The worst Thanksgiving trading week in history (historically that week shows a better performance), a strong Monday (after Thanksgiving) opening (historically the market trades down on that day), a year-to-date down pre-election year for the stock market (historically, pre-election years are good for the stock market - without exceptions going back to 1941). So what happens or will happen to the year-end rally, Santa Clause rally, January effect, small-cap vs large-cap trade and "Dogs of the Dow"-trade (all which we should see latest by middle of December - historically speaking)? Will tax-loss selling towards year-end play any role?
Although it's hard to escape the "Black Friday" craziness before and after November 25 ("...best Black Friday ever...!?" / "...heaviest discounting, promotions ever...?!") and the question whether tons of sales statistics over the weekend is a mirror of consumer spending into the holidays or more a soothing distraction of the painful underlying trends is probably fair, the future levels and the strong opening comes down to a technical reaction from highly oversold levels - and some positive trigger headlines are certainly welcome.

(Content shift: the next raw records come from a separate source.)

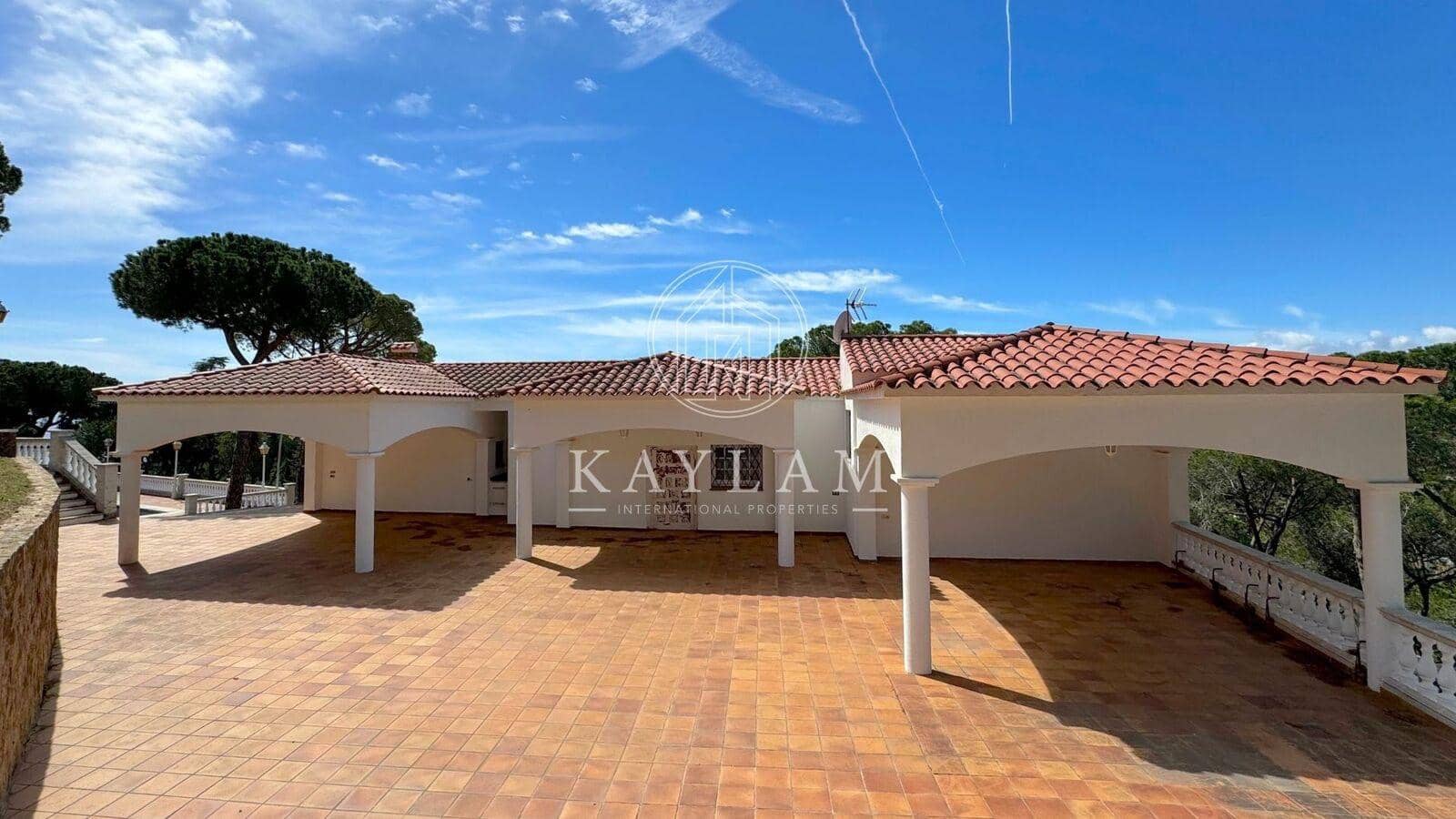 Chalet de 8 habitaciones en Lloret de Mar en venta - 1.900.000 € (Ref: 8195360)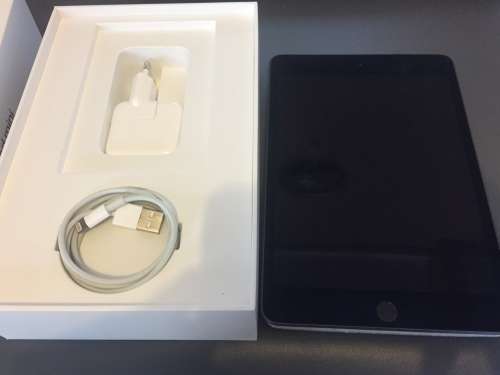 Ipad Mini 5 - 5th Generation - 64GB - WIFI - SPACE GRAY - Immaculate - Laut Folio Cover + Pencil
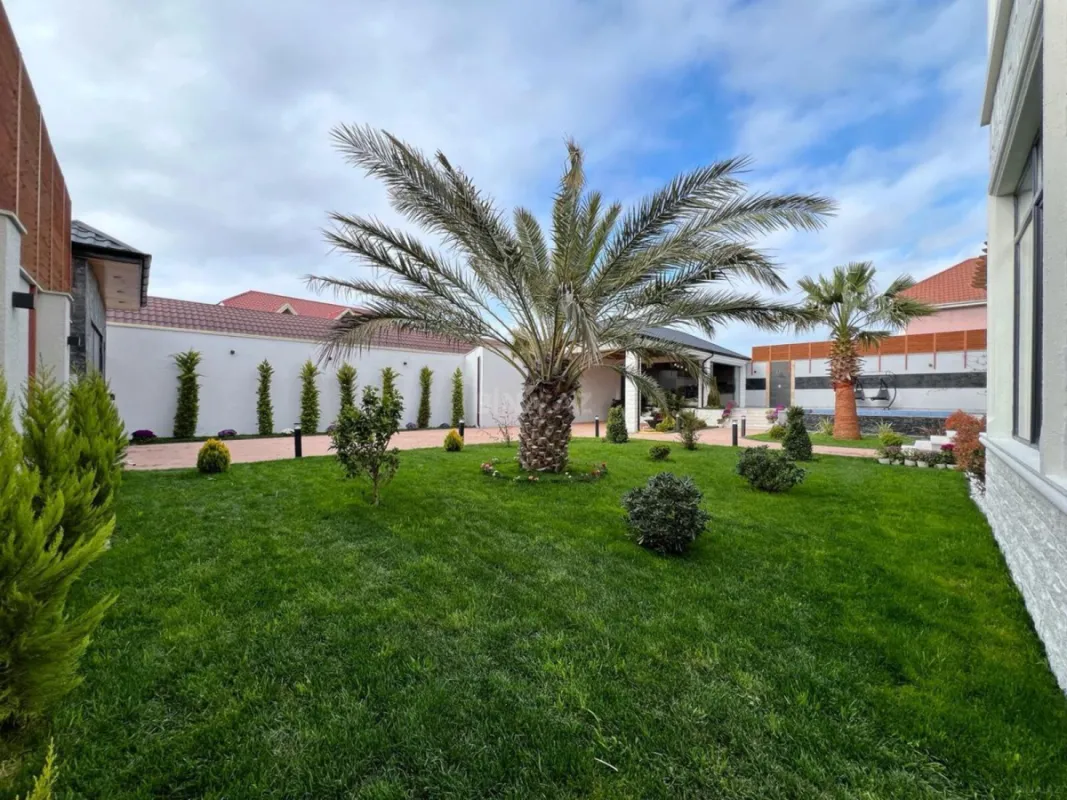 Satılır 6 otaqlı həyət evi 400 m²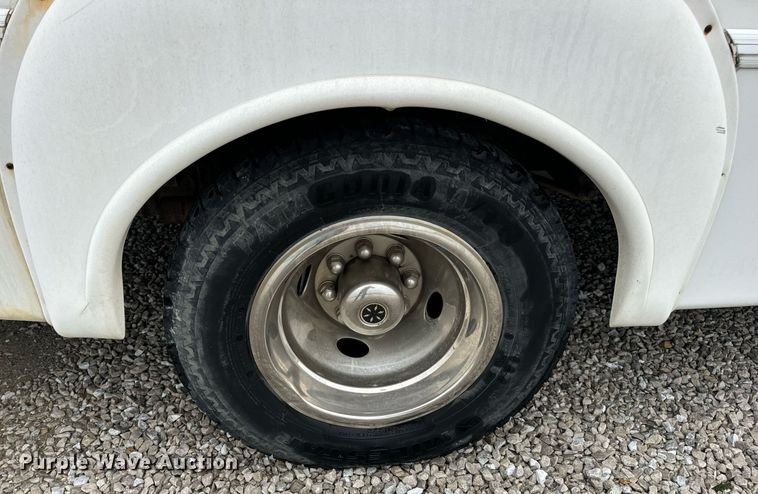 image for item EN4532 2011 Ford E450 Super Duty shuttle bus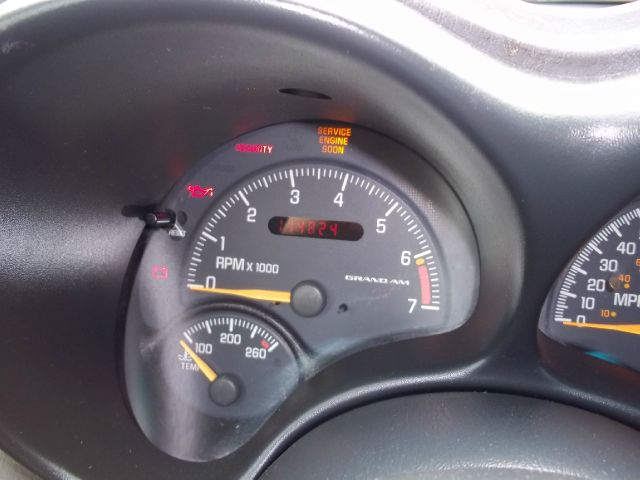 2000 Pontiac Grand Am XUV SLE 4WD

The stock market closed down on seven consecutive trading sessions, Wednesday and Friday in particular, the market closed at the lows of the day, the Dow Jones dropped to a support line at 11258 form 2010, many industry sector in the technology, industrial and energy space already dropped to the lows from August, which works as a technical support level and a number of single stocks trade at important levels, like AAPL that closed right at its 200 day MA for instance. Also the Euro came close to its October 4th lows of 1.3146 versus the Dollar and is rebounding this morning. So anything else than a nice rebound today would be surprising.
How long will it last? Well, all major indexes dropped well into the old trading range from August and September (the Value Line Index already visited the lows from August!), so even a strong day today could be downgraded to simple "range-trading". Despite all the noise this morning, let's not forget that deteriorating fundamental trends were the reason why all major US averages lost almost 10% in less than two weeks. For example Q4 S&P 500 earnings growth is now down to 8.0% and 6.9% (ex financials) and Q1 growth to 5.1 and 5.2%, respectively (Q4 estimates are down from 11.9% and 10.9% (ex financials) from just six weeks ago). Regarding macro-economic trends, a number of economic data from October and November, with the ADP Employment Change and the official BLS Employment report from November probably the most important, investors will get plenty of opportunity to analyze if a few better than expected data for Q4 earlier this month may become a trend...
Trade well.
(Marco Bonelli is the Managing Director of International for CL King & Associates in New York. The opinions expressed are his own)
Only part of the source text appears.